* _To do_: Please restate exactly the lines of the data below, beginning with the line containing "Laundry room in" and ending with the last line.

* * * * * * * * *

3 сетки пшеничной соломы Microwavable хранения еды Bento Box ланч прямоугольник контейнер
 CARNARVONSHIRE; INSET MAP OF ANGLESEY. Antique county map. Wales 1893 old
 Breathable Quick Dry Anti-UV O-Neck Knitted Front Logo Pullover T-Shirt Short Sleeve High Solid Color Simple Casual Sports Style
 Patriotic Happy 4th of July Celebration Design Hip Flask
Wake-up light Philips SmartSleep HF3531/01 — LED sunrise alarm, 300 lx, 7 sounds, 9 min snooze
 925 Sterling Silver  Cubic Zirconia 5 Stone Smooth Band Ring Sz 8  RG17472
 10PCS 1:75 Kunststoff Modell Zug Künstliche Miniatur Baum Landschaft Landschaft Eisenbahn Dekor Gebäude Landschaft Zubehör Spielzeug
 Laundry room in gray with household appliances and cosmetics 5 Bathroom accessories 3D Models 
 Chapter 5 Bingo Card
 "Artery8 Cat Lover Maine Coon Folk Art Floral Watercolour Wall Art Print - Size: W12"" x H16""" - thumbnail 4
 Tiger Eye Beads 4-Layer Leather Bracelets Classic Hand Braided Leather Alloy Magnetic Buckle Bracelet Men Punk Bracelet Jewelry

* * * * * * * * *

* _Result for this exercise_:
 Laundry room in gray with household appliances and cosmetics 5 Bathroom accessories 3D Models 
 Chapter 5 Bingo Card
 "Artery8 Cat Lover Maine Coon Folk Art Floral Watercolour Wall Art Print - Size: W12"" x H16""" - thumbnail 4
 Tiger Eye Beads 4-Layer Leather Bracelets Classic Hand Braided Leather Alloy Magnetic Buckle Bracelet Men Punk Bracelet Jewelry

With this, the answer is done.